[Data records]
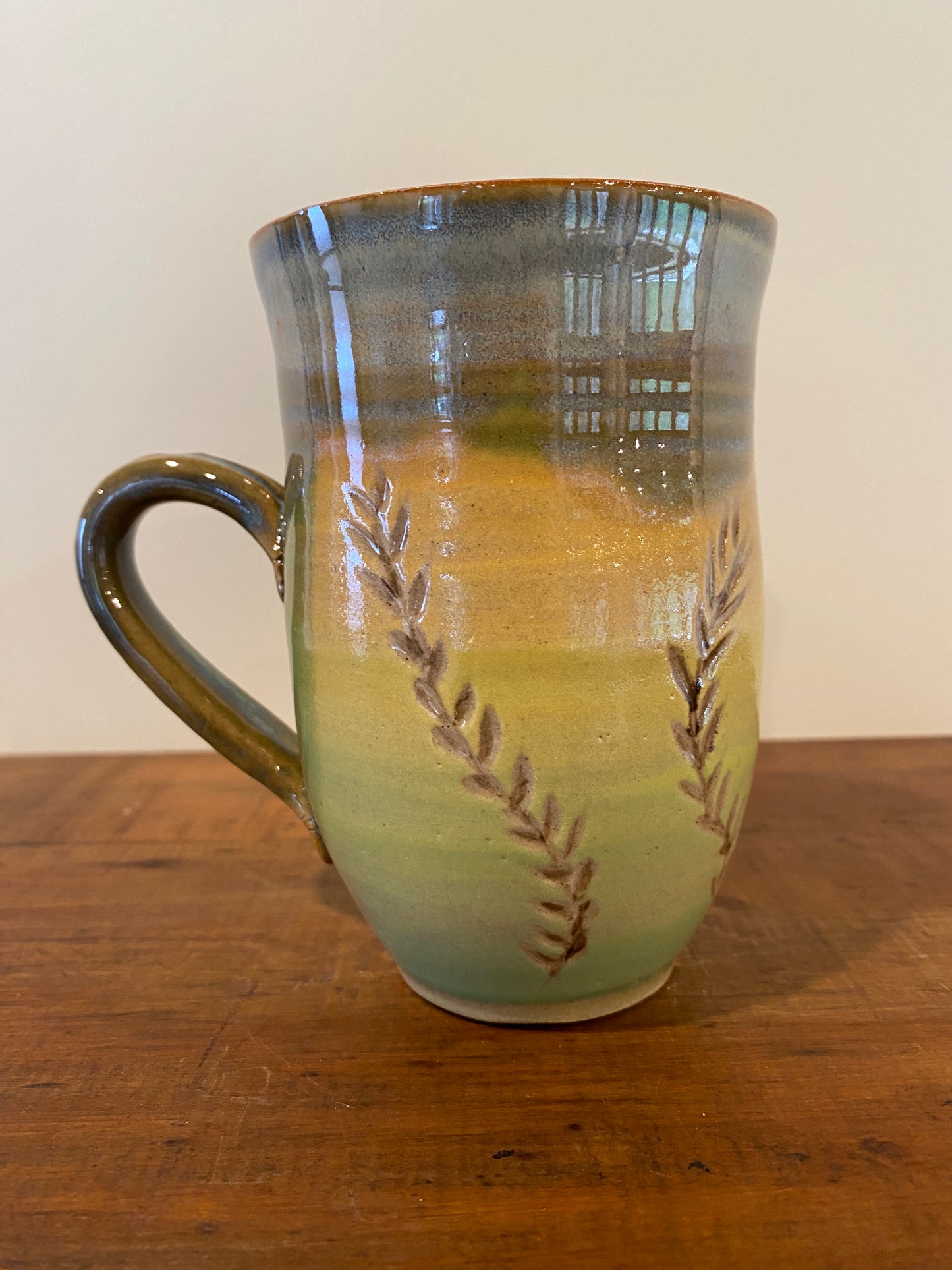 Leaf carved green mug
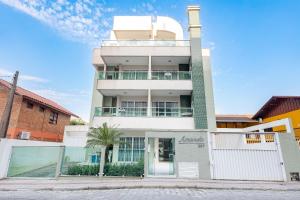 Un edificio blanco con una palmera delante. en Excelente ubicación a 200m de la playa de Bombinhas, en Bombinhas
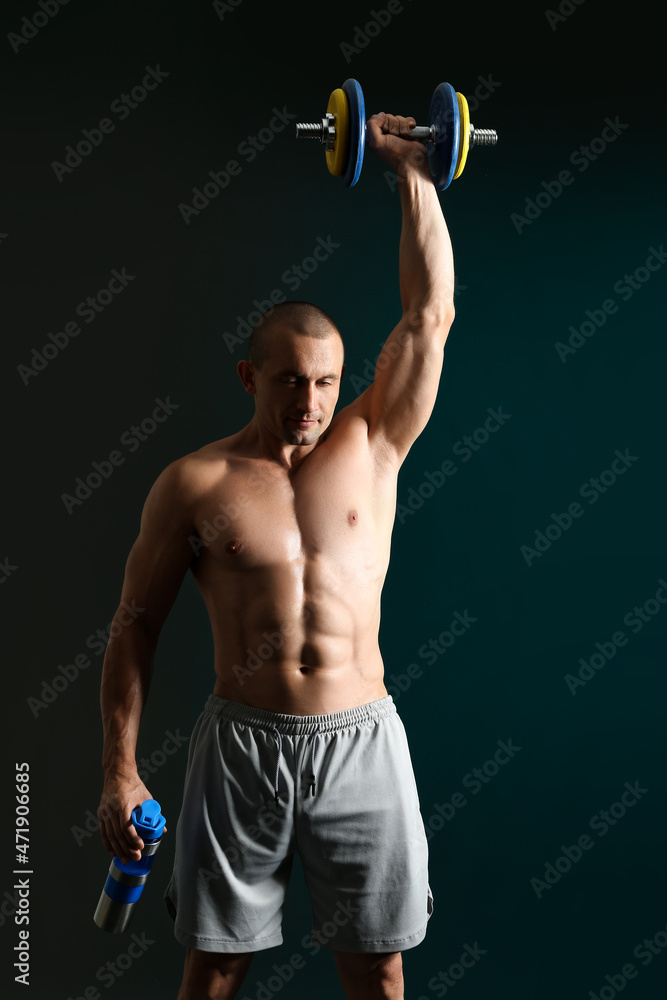 男性健美运动员，深色背景下有蛋白奶昔和哑铃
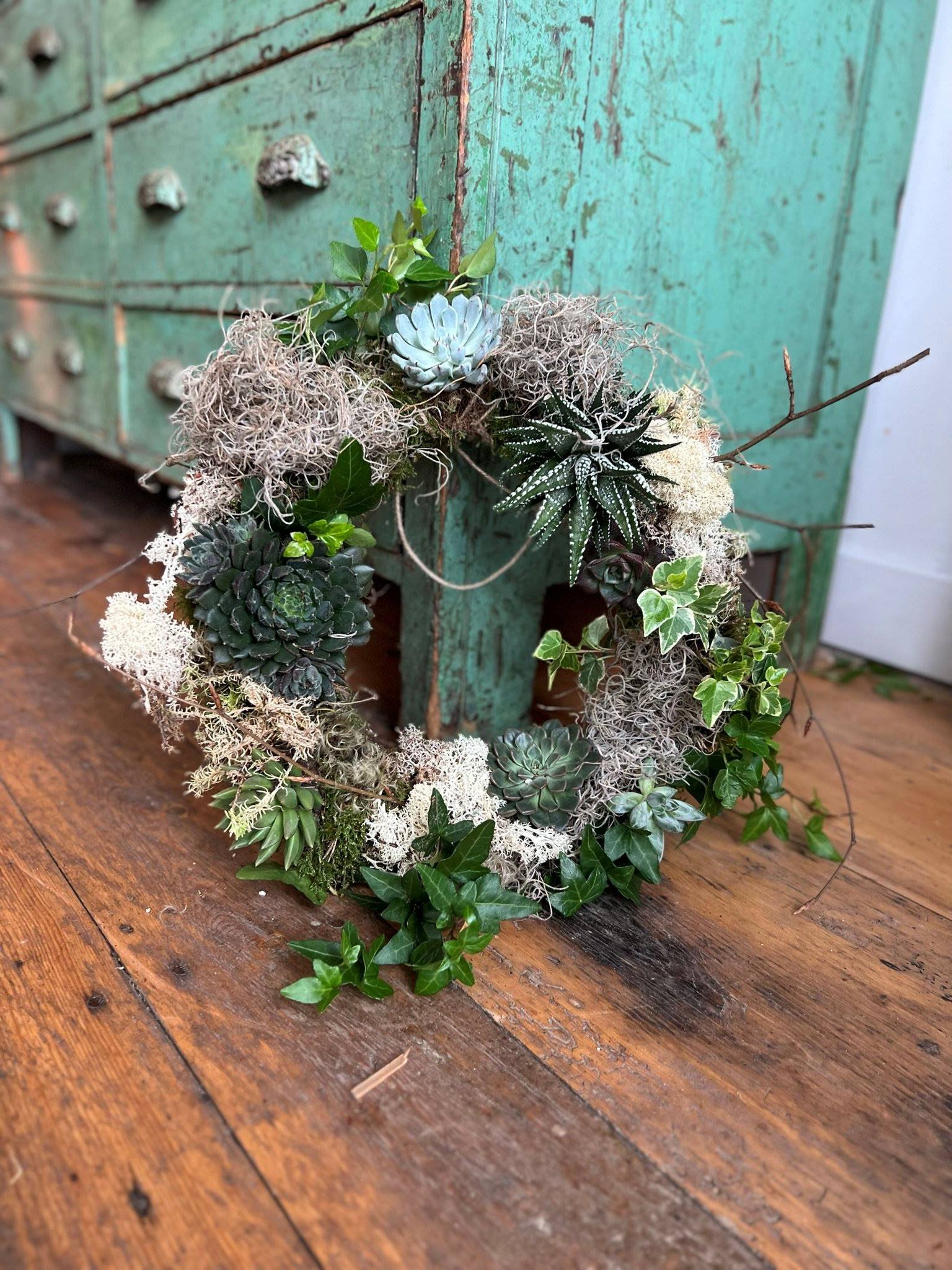 Succulent and reindeer moss living wreath against a bright green sideboard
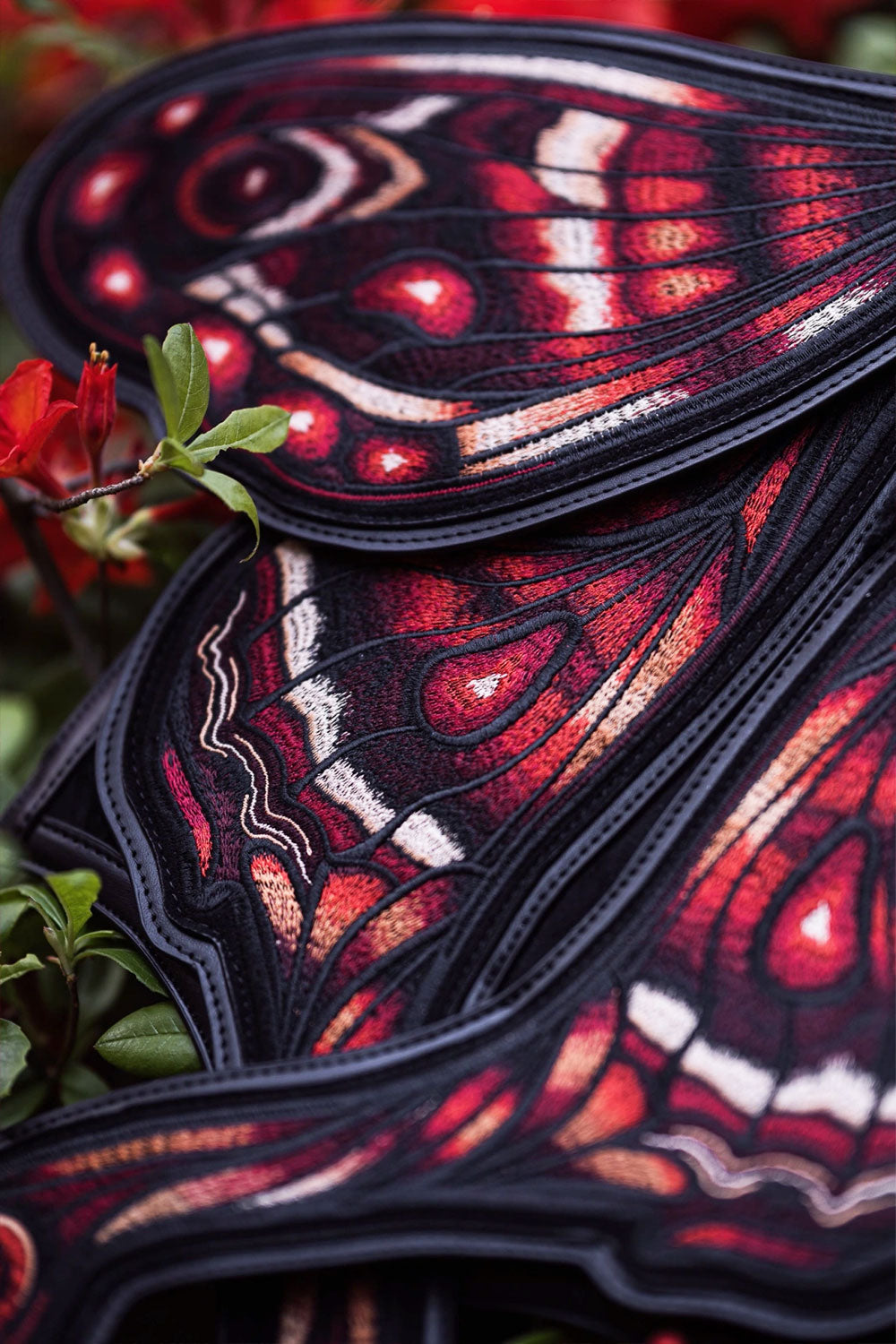 crimson, burgundy, and black luna moth backpack
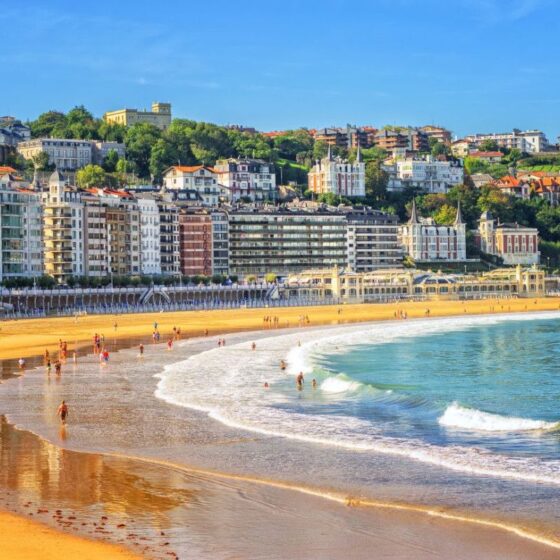 Sunny beach with golden sand and blue-green waves, lined by colorful apartment buildings and green hills in the background.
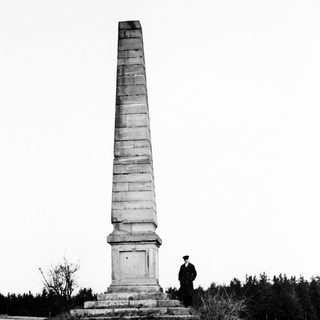 Monument stands in a field, a person nearby.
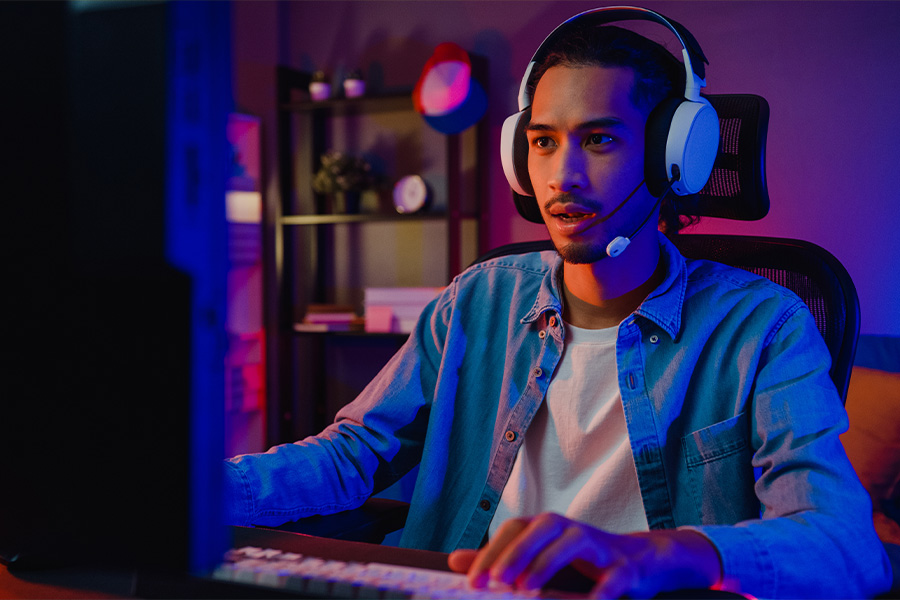 A man wearing a gaming headset intensely focused on playing a game on a large desktop display. The room is lit with colorful lights, creating a cool gaming atmosphere.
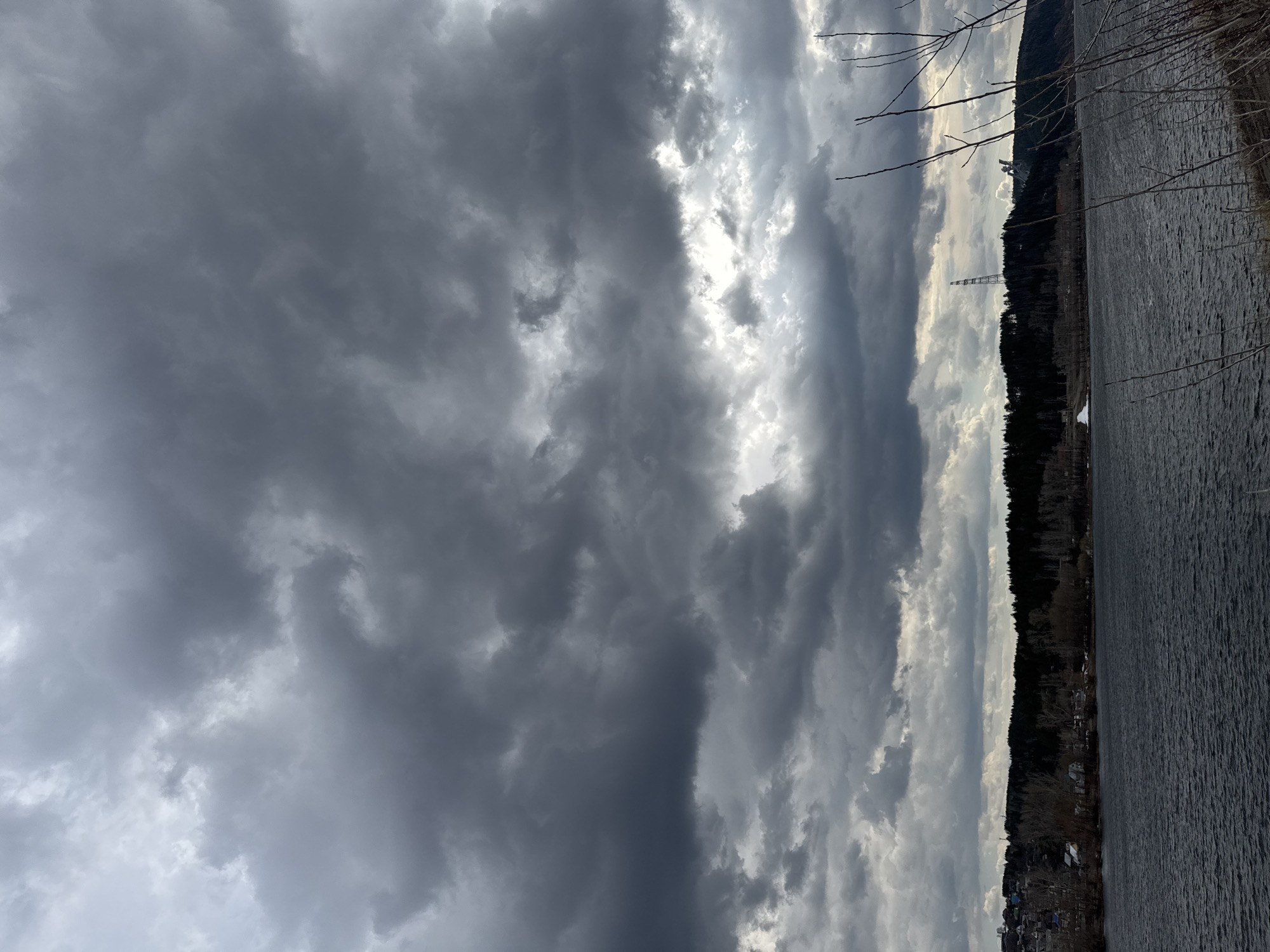 The image displays a dramatic landscape, oriented vertically, featuring a heavily clouded sky, a body of water, and a forested shoreline. The left and central portions of the frame are dominated by a vast expanse of dark gray, tumultuous clouds. Bright sunlight pierces through the cloud cover in vertical streaks, illuminating the edges and undersides of the clouds, creating a striking contrast and depth.
On the far right, a dark body of water, likely a lake or river, appears rippled, suggesting movement or wind. A dense line of bare, dark trees forms the shoreline, running vertically along the right side, separating the water from the sky and indicating late winter or early spring.
Visible within the forested area on the shoreline are two notable man-made structures: a tall, slender, white lattice transmission tower stands prominently, and further up the hill, a larger white structure with a dish-like antenna, possibly a radar station or observatory, can be seen. Small buildings or houses are also discernible along the base of the treeline. Thin, bare tree branches extend into the upper right corner of the frame.
The scene is captured during daytime, characterized by dynamic, overcast weather with intermittent sunbreaks. No people or visible text are present. The location context is Chaikovsky, Russia.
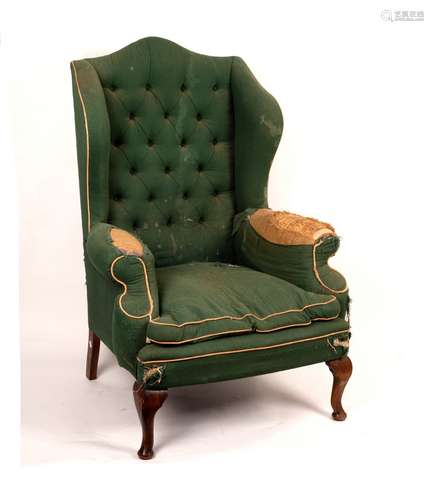 A Queen Anne style wing armchair on cabriole legs with pad feet,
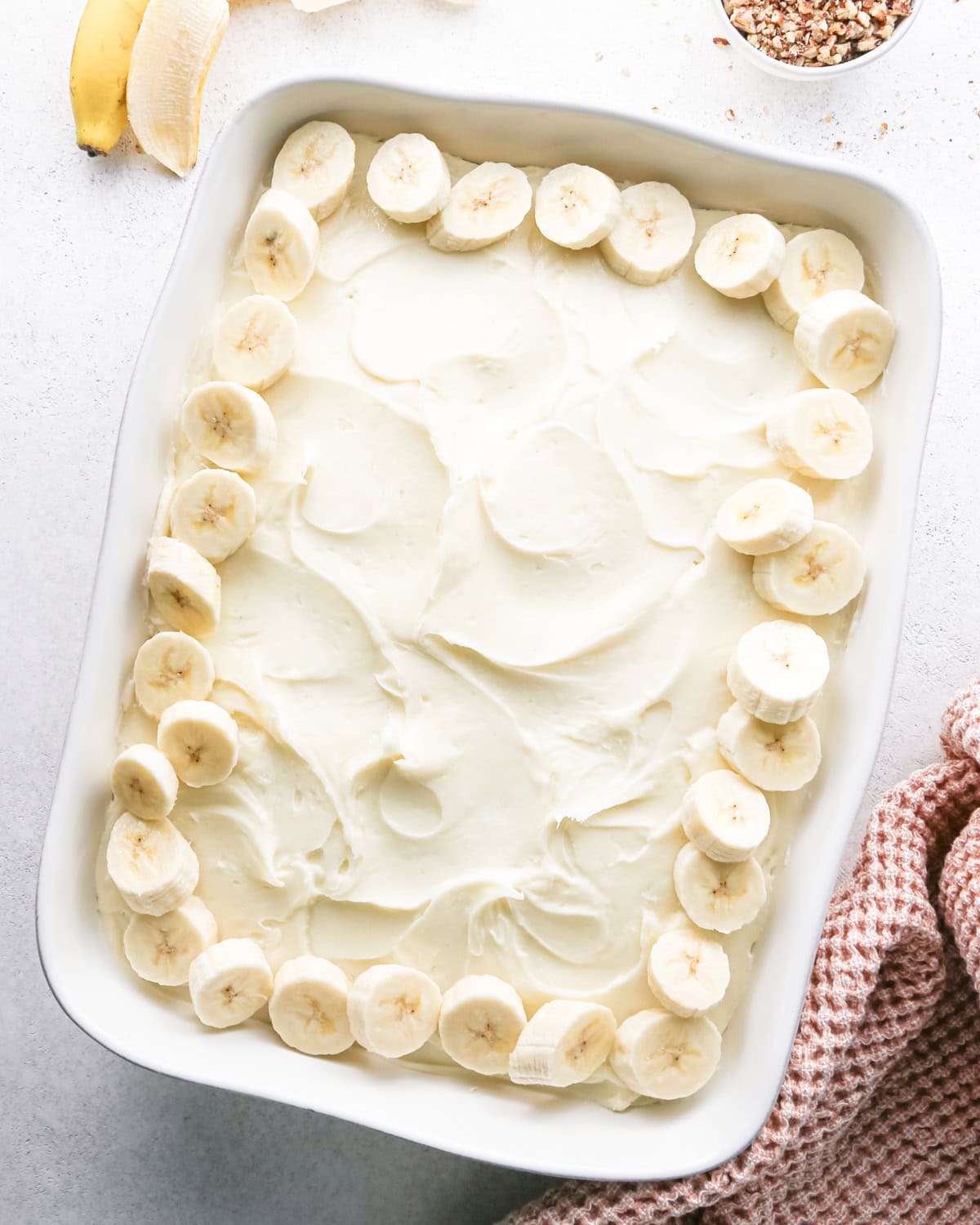 sliced bananas arranged around the outside edge of a banana cake with cream cheese frosting in a white baking dish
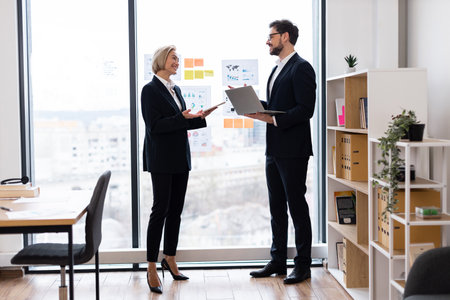 Two business professionals, one male and one female, discussing work in an office. Both are wearing formal attire, standing near a large window, with charts and diagrams visible in the background.の写真素材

• **WHAT TO PRODUCE**: Every line from the top of the records above to the line with "Sunny beach with", inclusive, should be duplicated exactly, minus the pictures.

• **ANSWER SECTION**:
 Leaf carved green mug
 Un edificio blanco con una palmera delante. en Excelente ubicación a 200m de la playa de Bombinhas, en Bombinhas
 男性健美运动员，深色背景下有蛋白奶昔和哑铃
 Succulent and reindeer moss living wreath against a bright green sideboard
 crimson, burgundy, and black luna moth backpack
 Sunny beach with golden sand and blue-green waves, lined by colorful apartment buildings and green hills in the background.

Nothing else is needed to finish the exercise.